▸ THE TASK:
Repeat the lines of the data exactly and exclude any picture among them.

▸ DATA BELOW:

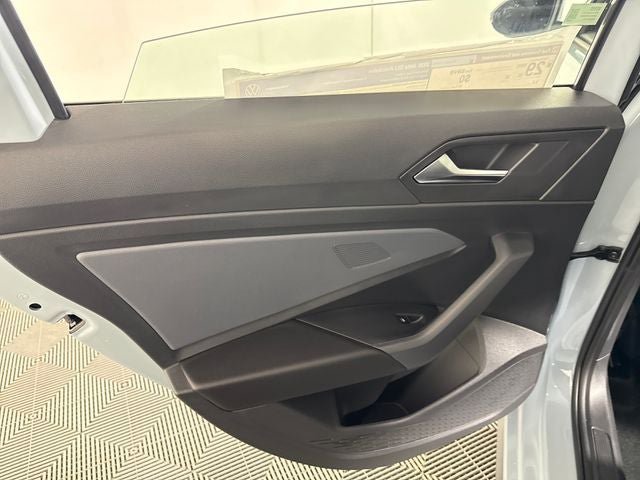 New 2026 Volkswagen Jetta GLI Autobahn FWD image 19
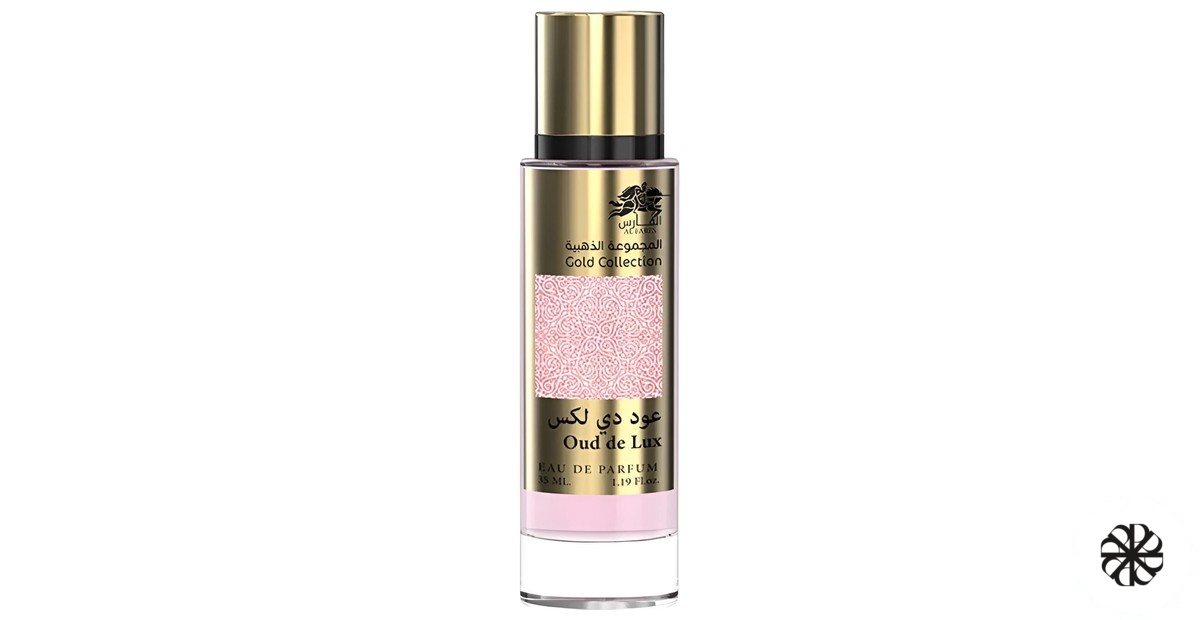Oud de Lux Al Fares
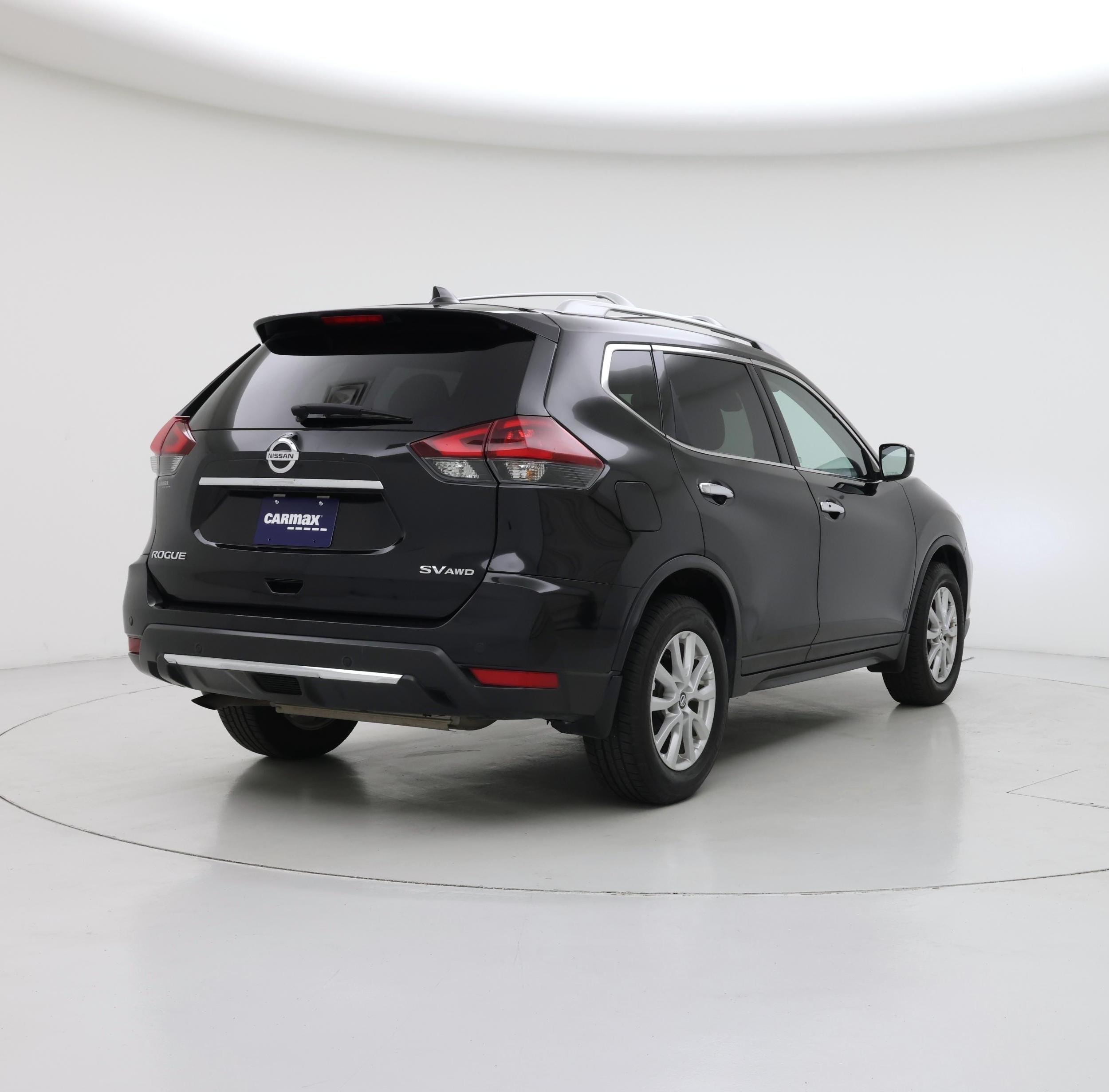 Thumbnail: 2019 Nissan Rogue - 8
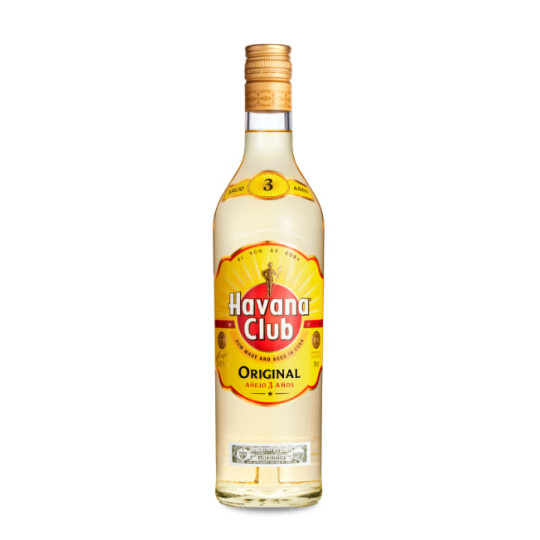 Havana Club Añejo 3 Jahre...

▸ ANSWER SECTION:
 New 2026 Volkswagen Jetta GLI Autobahn FWD image 19
Oud de Lux Al Fares
 Thumbnail: 2019 Nissan Rogue - 8
 Havana Club Añejo 3 Jahre...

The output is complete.